People saw the success of the original farmers and came along and copied the business plan, he said. Some are able to make it a nearly full-time business, he said, while others have other jobs on the side.
 
With oyster farming, “you can pay a small mortgage and maybe your Stop & Shop bill,” Mr. Bagnall said.
 
Mr. Bagnall said he sees room for expansion — Cape Pogue and Eel Pond both have potential, he said.
 
Invested for the Future
 
Back on his float, Mr. Blake looks through the shells, finding large, good-looking oysters: round shells, lots of meat. He knocks barnacles off with a knife. Those selected will be tumbled again, and then pressure-washed — Mr. Blake says he’s the only farmer who pressure-washes his haul — and then packed in boxes for transport.
 
The oysters are sold by the piece, 85 cents an oyster.
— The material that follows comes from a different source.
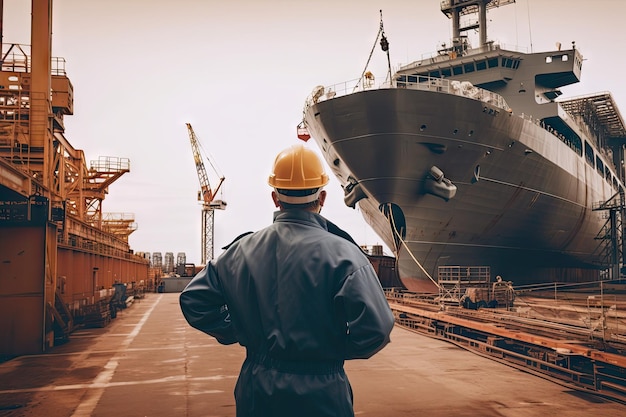 Shipbuilder constructing naval vessel with view of the shipyard and ocean in the background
For fish markets, they go for 75 cents apiece.
 
Some of this lot are bound for Nantucket, where Mr. Blake is planning to send 700 oysters on a 4:45 p.m. Cape Air Freight flight later in the day.
 
Most of the Sweet Neck oysters go to Vineyard restaurants, he says. Nantucket takes half his harvest in summertime, and J.P.’s shellfish takes several thousand in the winter. Some people drive them to Boston, but Mr. Blake said he finds that expensive and time-consuming.
 
Mr. Blake doesn’t feel there is competition. “It’s not like fishing. This is farming,” he says. “There’s plenty for everybody.”
 
Sometimes, people sail right up to his farm and buy some oysters right there.
 
He, too, hopes farming spreads to other areas. “I hope so . . I keep hoping somebody else would get smart,” he says, noting he “[sees] all these ponds out there with potential to produce a lot of food.”
 
“I think the timing was good for me,” Mr. Blake says. “We’re still nowhere near producing the food that we need.”
 
“I just can’t throw them out. This is Joey,” he says, picking up a small oyster. “I’ve got room in the bag for him! God, I’ve got two years invested in this.”
 
"It’s a great way to make a living out here.”